7. The National – Alligator

I first listened to this record driving across the Hover Damn en route to Vegas, readying myself for a feverish night of irresponsible gambling, overpriced bourbon and crystal meth. From memory, we crashed at midnight, stone-cold sober although we lived the dream in a tenuously vicarious manner, after seeing Vince from Entourage bungling three top-heavy blondes into a taxi outside the Bellagio, and some guy who may or may not have been Kanye West leading a ho-train through the MGM Grand. Anyway, back to the music. At first, I refused to take the band seriously in view of their terrible name, however one full listen and I swiftly back-tracked on my original thoughts. Key to the band’s appeal is the hang-dog baritone of vocalist Matt Berninger, a man with a voice so deep, he makes the late Barry White sound like a ruddy-faced pre-pubescent. While Berninger’s monotone but emotional delivery is a constant, the music is a lush feast of varying styles, with preppy indie-rock (Lit Up) rubbing shoulders with understated acoustic (Daughters of the Soho Riots), all exquisitely produced and arranged. The big surprise of the album is the raucous closer and stand-out, Mr November, driven by furious off-beat drumming and gorgeous scaling guitars, while Berninger finally cuts loose with his vocals, proclaiming in desperation to be “the great white hope” who “used to be carried in the arms of cheerleaders”. It’s at once affecting and uplifting, and the sound of a band at the top of their game.

6. M Ward – Post-War

Finger-picking solo artist and member of the latest supergroup, Monsters of Folk, M Ward has spent the past decade honing his languid country sound to the point of legal patent. Listening to Monsters of Folks eponymous album, for example, it doesn’t take much more than a few seconds to identify M Ward creations such as Baby Boomer and Slow Down Jo, which feature his trademark top-string shuffles and bluesy chord changes. For his fifth studio album, Post-War, M Ward decided to broaden his sound by using a full-time backing band, and inviting cameos from alt-country stalwarts Jim James and Neko Case. The resultant record is tighter and more musically diverse than its predecessors, but no less celebratory. Opener Poison Cup is classic M Ward, a gorgeous slow-burning love song showcasing his cracked vocals amidst swirling strings, while later offerings such as Chinese Translation and the beautifully lazy Rollercoaster prove that easy-listening doesn’t necessarily mean Radio 2-friendly cack.
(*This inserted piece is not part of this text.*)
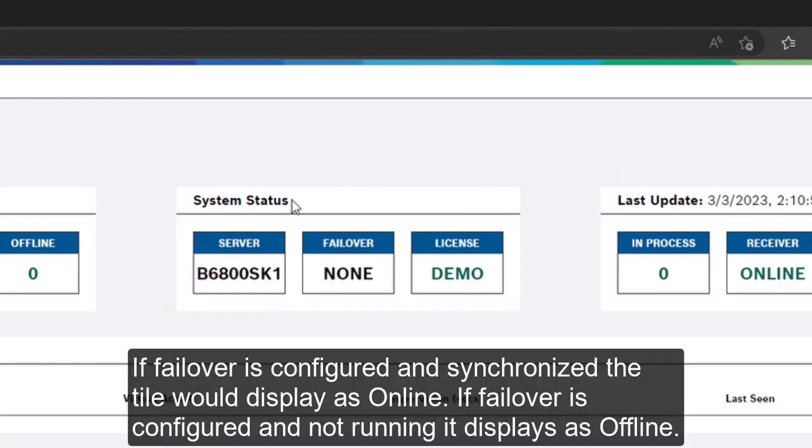If failover is configured and synchronized the tile would display as online. If failover is configured and not running it displays as offline.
However, the most fun is to be had in the up-tempo band numbers, such as To Go Home, a thumping celebration of life and love’s limitations with M Ward promising “to be true to you forever, or until I go home”, and the almost childish joy of Magic Trick, a short, throw-away ditty about a woman who disappears. Arguably, The Transfiguration of Vincent is a finer technical album, but Post-War shades it for sheer optimism and energy.